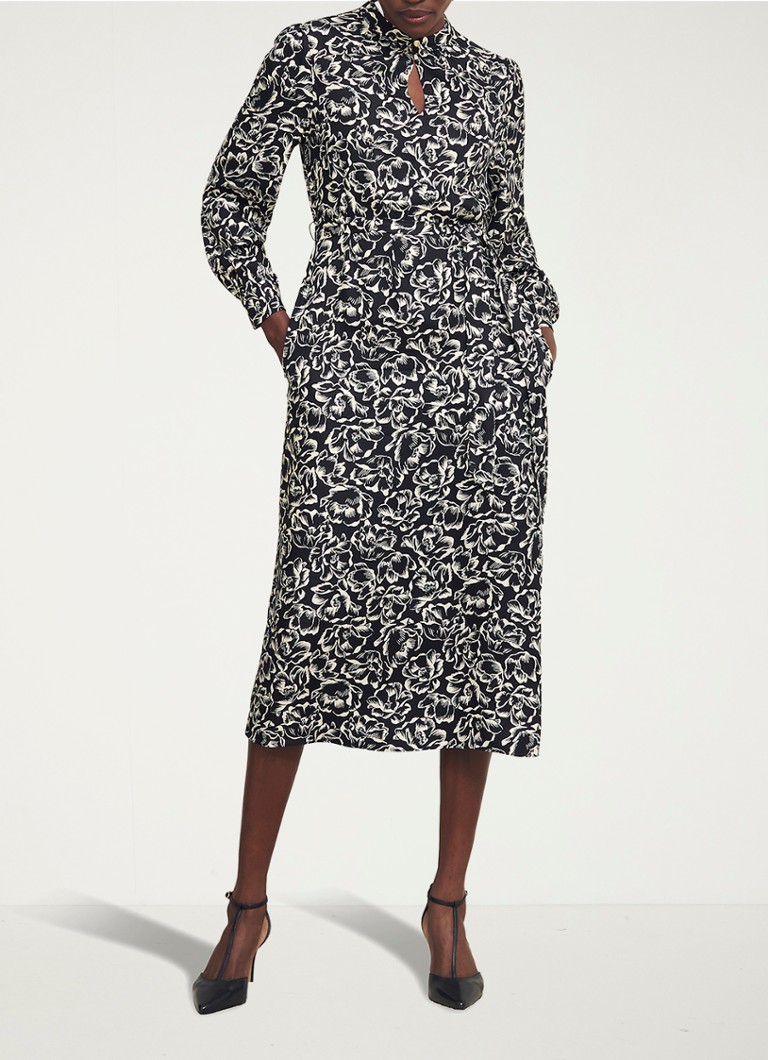 Vestido midi con estampado floral Cynthia de Hobbs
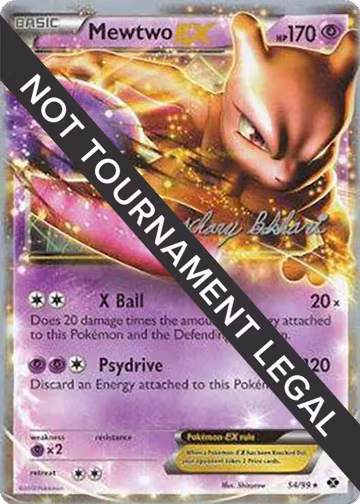 Mewtwo EX - 2012 (Zachary Bokhari) (54/99), World Championship Decks — Pokémon card price
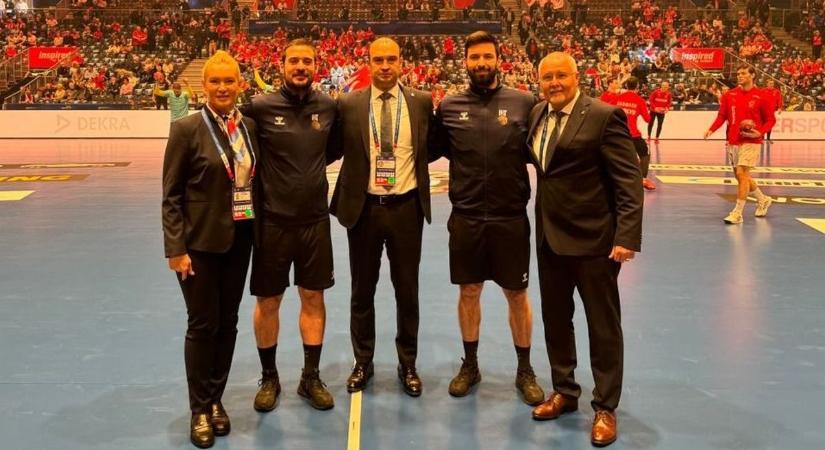 Rangadót vezet a magyar játékvezető páros a férfi kézi-Eb-n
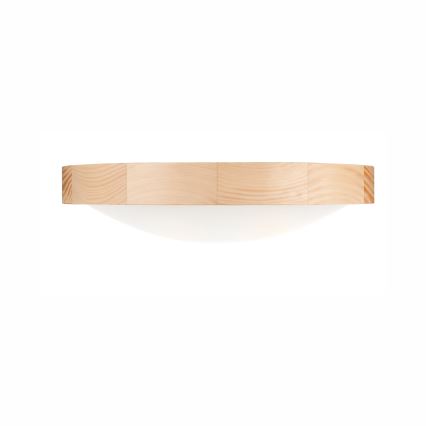 Takbelysning NATURAL SLIM 2xE27/60W/230V ø 37 cm furu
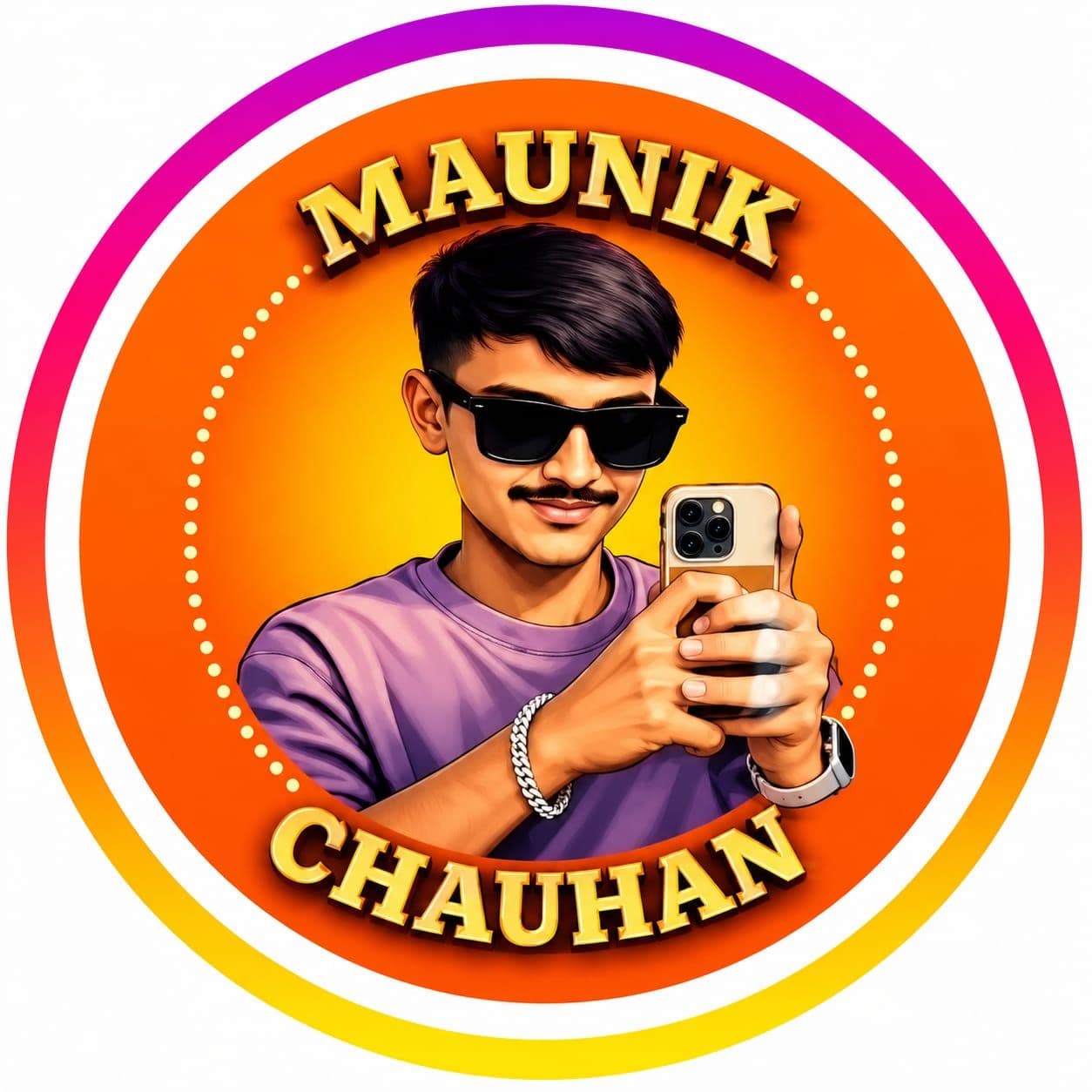 Maunik Chauhan profile portrait
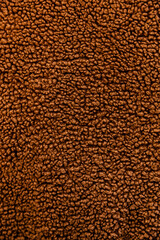 Brown Sherpa Boucle Fabric Texture Background © Akrapong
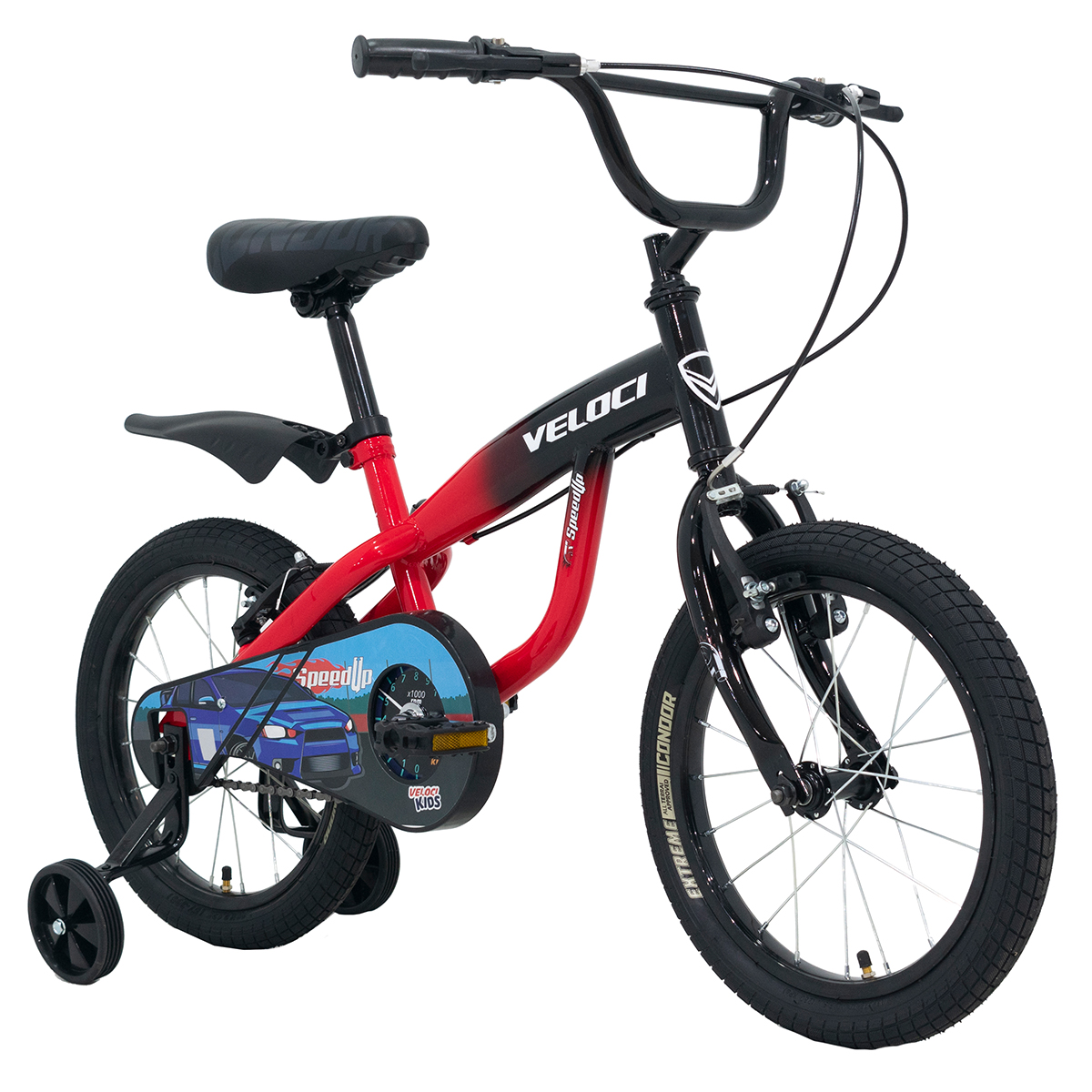 Bicicleta Veloci Speedup Rodada 16 Rojo Infantil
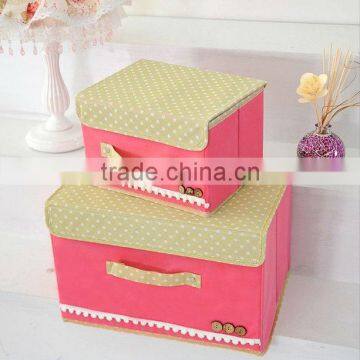 High quality non woven storage box special shape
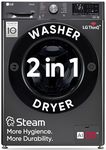 LG 9 Kg (Wash) / 5 Kg (Dry), Ai Direct Drive Technology, Steam, TurboWash & Wi-Fi Fully Automatic Front Load Washer Dryer (FHD0905SWM, Intelligent & Convenient Fabric Care, Allergy Care, Middle Black)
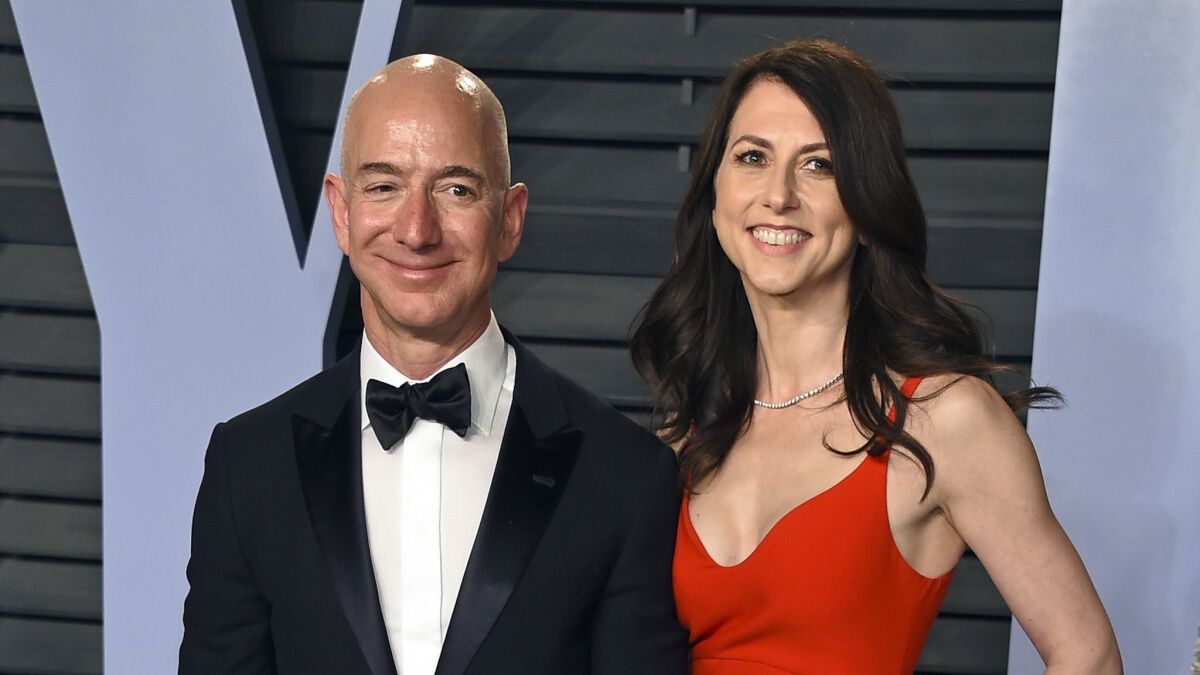 Amazon.com Inc. founder Jeff Bezos and his wife, MacKenzie, are divorcing after 25 years.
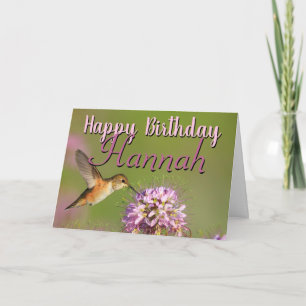 Happy Birthday Hummingbird Card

◇ ◇ ◇ ◇

▶ [What you need to do]: In the copy, include each line from the start of the material through the line with "High quality non", word for word, but none of the pictures.

▶ [Answer section]:
 Vestido midi con estampado floral Cynthia de Hobbs
 Mewtwo EX - 2012 (Zachary Bokhari) (54/99), World Championship Decks — Pokémon card price
 Rangadót vezet a magyar játékvezető páros a férfi kézi-Eb-n
 Takbelysning NATURAL SLIM 2xE27/60W/230V ø 37 cm furu
 Maunik Chauhan profile portrait
 Brown Sherpa Boucle Fabric Texture Background © Akrapong
 Bicicleta Veloci Speedup Rodada 16 Rojo Infantil
 High quality non woven storage box special shape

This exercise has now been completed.